ECU Coach trusts in faith as he battles ALS

The following is a story that ran in the Raleigh News & Observer on ECU's Baseball Coach Keith LeClair. Crossbones would like to thank the N&O's Ned Barnett for giving us permission to run his story.

ECU coach trusts in faith as he battles ALS

By NED BARNETT, Staff Writer

RALEIGH - East Carolina baseball coach Keith LeClair looked out at his audience at the Raleigh Sports Club on Wednesday and said: "I just wanted to share some things. Hopefully, you can understand me. Can everyone understand what I'm saying?"

There was nothing wrong with the sound system in the church hall when the club met, but there was something wrong with LeClair's voice. It was slurred, sometimes garbled, a sign of the progressing disease LeClair first noticed six months ago when he felt a pain in his left arm.

After extensive tests, doctors gave LeClair devastating news. He has amyotrophic lateral sclerosis, a wasting and almost always fatal condition better known as Lou Gehrig's disease. The life expectancy of an ALS patient is generally two to five years from the time of diagnosis, according to the ALS Association.

Like the stricken Yankee who famously declared himself the "luckiest man on the face of the earth," LeClair came up in baseball as a left-handed first baseman, and a good one. At Western Carolina, he set the school record for most hits in a season.

But LeClair's greatest accomplishment has been his rapid rise as a baseball coach. As a head coach at Western Carolina and during four seasons at ECU, LeClair has twice come within a step of taking his team to the College World Series in Omaha, Neb. This year, ECU lost in the Super Regional to Tennessee.

And like Gehrig, LeClair spoke about his condition Wednesday with bravery, gentleness and grace. The audience of just over 100 fell into a rapt silence as the coach's struggling voice delivered a message of rare eloquence.

Among those listening at the head table at Highland United Methodist Church were LeClair's wife, Lynn, and local baseball coaches Mike Fox of UNC and Elliott Avent of N.C. State.

LeClair, 35, who continues to lead the ECU baseball program with the help of two assistants, spoke about the importance of team members having faith in each other and in a common goal. He said the Pirates would be a good team next spring and are likely to uphold his average of 46 wins per season.

Then LeClair, a father of two young children -- Audrey, 7, and J.D., 4 -- turned to what is happening to him.

"Now the most important thing I want to share with you is my testimony of the trial that I'm facing in my life at this time. Shortly after the Super Regionals, I went to a doctor, and they told me it was Lou Gehrig's disease, mostly because of my family history.

"Although I have not been diagnosed completely, doctors feel that is what I am facing. It is a real hard reality for someone who was on the top of the world six months ago. After [the diagnosis], the Super Regional, Omaha and competing for the national championship didn't really seem to matter.

"But I believe God uses trials along the way so we can grow in faith. In James 1:2-4, he says: 'Many of you will face trials of many kinds. The testing of your faith develops perseverance. Perseverance must be confirmed so that you may be mature and complete.'

"I will persevere, and I will grow to become a better man, a better husband, a better father and, most important, a better servant of our Lord Jesus Christ. So I don't look at this and feel sorry for myself. I look at this as a trial in my life.

"Many of you have probably had trials in your life, and many of you have persevered and become better because of it. If you have ever talked to a person who has been a prisoner of war, when they are released they'll tell one of the things that got them through was the faith they have in God. Every day they were beaten, but the beatings strengthen them and made them a whole person.

"This is something I have to endure and trust that I will overcome. I believe God is a miracle worker and I will receive a miracle.

"What this has taught me is things are never as good as they seem, and never as bad. At this very moment, there is someone out there who is worse off than I am and needs help.

"Winning in Omaha was one of the great goals in my life, but none are greater than our Lord Jesus Christ and our families.

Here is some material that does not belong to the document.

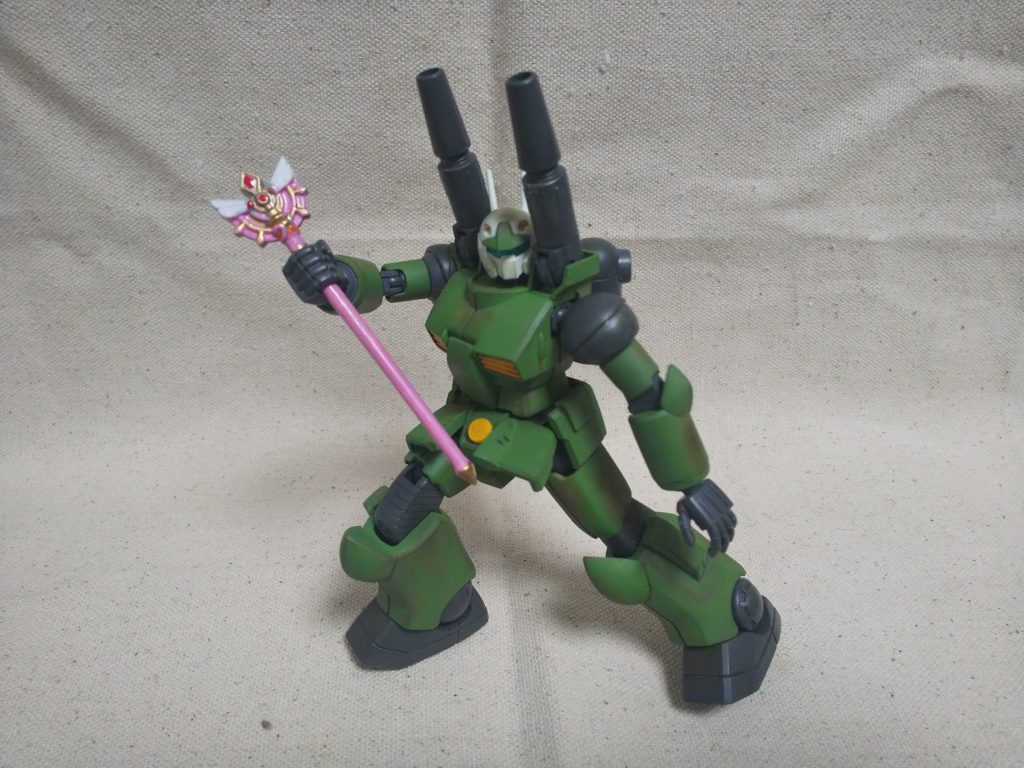 最後はアニメーター志望だったが、内定先がジオンの攻撃で破壊され、やむなく戦争が終わるまで軍人となった技師が作った武器?「これで戦えと?」「こう見えてちゃんと希望に添えるように作ってますよ。携行しやすく艦内にも入ります。強そうに見えないかも知れませんが、戦場でこの杖持っているのみたら怖くないですか?」「まあ、ある意味やべーのがいると思われるだろうが…。でもこれ鈍器としては使いにくくないか。」「えっ、これ鈍器じゃないですよ。」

I think back on the last 10 years since I've been a head coach and the times that I've neglected my family, my wife and the people who cared most about me. I say to you: Don't let a day go by when you don't tell someone that you love them.

"Everybody knows what happened on Sept. 11. For me, that shows that we don't know when our lives will no longer be. I feel for those families. I grieve for them because so many people didn't have the opportunity to tell their kids, their wives, their moms and dads, they didn't have that last chance to say, 'I love you.' So don't take for granted what you have today.

"I just hope and pray that my faith can continue to grow. And I know many of you are probably praying for me, and I thank you from the bottom of my heart because I believe prayers are answered. And may God bless you and may God prosper you in the years to come."

The audience, some of its members in tears, rose and gave LeClair a long ovation. And unlike other meetings of the Raleigh Sports Club, there were no questions for the speaker. Despite LeClair's difficulty in speaking, they had understood everything he said.